Big Star: The Pontiac space has a name.

The most talked about bar that hasn't opened yet has become a little easier to talk about: The Terry Alexander/Donnie Madia/Paul Kahan joint in the former Pontiac space has been named Big Star.
As previously reported, Big Star will be a taqueria (see the simple—but enticing—menu below), but also a kind of honky-tonk dive bar: the beer will be cheap (some of it, anyway), the music will be country (again: some of it), and the vibe will be as debaucherous as a bar in the middle of Wicker Park can be these days.

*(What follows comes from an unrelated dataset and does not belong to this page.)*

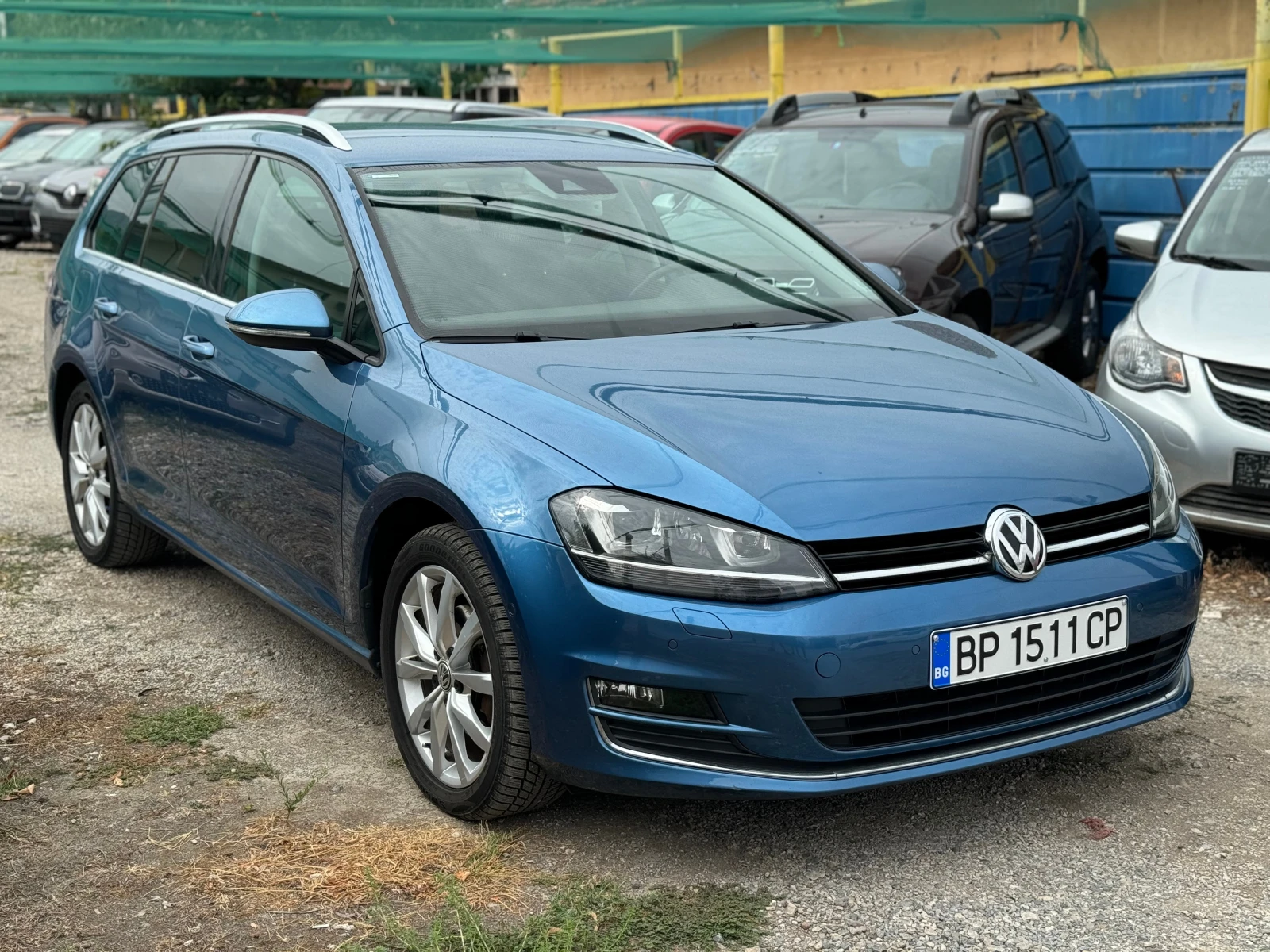 VW Golf 2.0TDI * DSG * NAVI - изображение 3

Which Alexander hopes is still pretty debaucherous: "One underlying reason we chose to take over an 'iconic' location was our long history with the neighborhood and our desire to see Wicker Park remain interesting and creative and not filled with sports bars, Starbucks and Jimmy John’s," he says.
A sneak preview tour of Big Star is included in the Publican's Oct 18 James Beard dinner. Big Star is slated to open by the end of the month.
Full menu and publicity text after the jump.
"A dive bar. A small taqueria. A honky-tonk in the middle of Wicker Park, inspired by the Depression-era Bakersfield scene. Inexpensive, approachable and committed to excellence in food, spirits and service. Turntables and country music. Sounds simple, except the kitchen is led by James Beard award-winning chef Paul Kahan, co-owner of Blackbird, avec and The Publican; the dive bar is directed by Michael Rubel from the Violet Hour; and the music is selected by DJs from Danny’s Tavern and Reckless Records.
Between 1935 and roughly 1942, tens of thousands of working-class people from Oklahoma, Texas, Arkansas and Missouri descended on the West Coast — particularly Los Angeles and California's Central Valley. The Depression-era migration was also connected to the devastating 1935-1938 dust storms of the Southern Plains, but the majority of the exodus was economically based.
The honky-tonks of Bakersfield and Kern County included places like Ethel’s Old Corral, The Pioneer Club, the Rhythm Rancho and the Texhoma Club, which made their rural Southern association in name and with “rude decor.” These clubs were often rough and embraced drink, violence and rebellion. This was a society of extremes: sobriety and drunkenness, piety and hell-raising, wild Saturday nights followed by Sunday religious revivals.
In the early '40s, the Big Star location was a gas station called The Pierce Street Garage. Later it was abandoned; then it became a little-used car wash before it was resurrected into the Pontiac Produce Company in 1993, a small indoor-outdoor produce store. As the neighborhood began to prosper and gentrify, the Pontiac transformed from a market to a quintessential Wicker Park hangout. A week before Halloween, 2008, the Pontiac closed.
"When the opportunity arose to purchase the Pontiac," said partner Terry Alexander, "one underlying reason we chose to take over an 'iconic' location was our long history with the neighborhood and our desire to see Wicker Park remain interesting and creative and not filled with sports bars, Starbucks and Jimmy John’s."
Adding, "Bakersfield, in the late '30s and early '40s, was one of those rare unions of people, place and time, talent, opportunity and purpose, that symbolized a city transformed by music. In this spirit, we have created Big Star."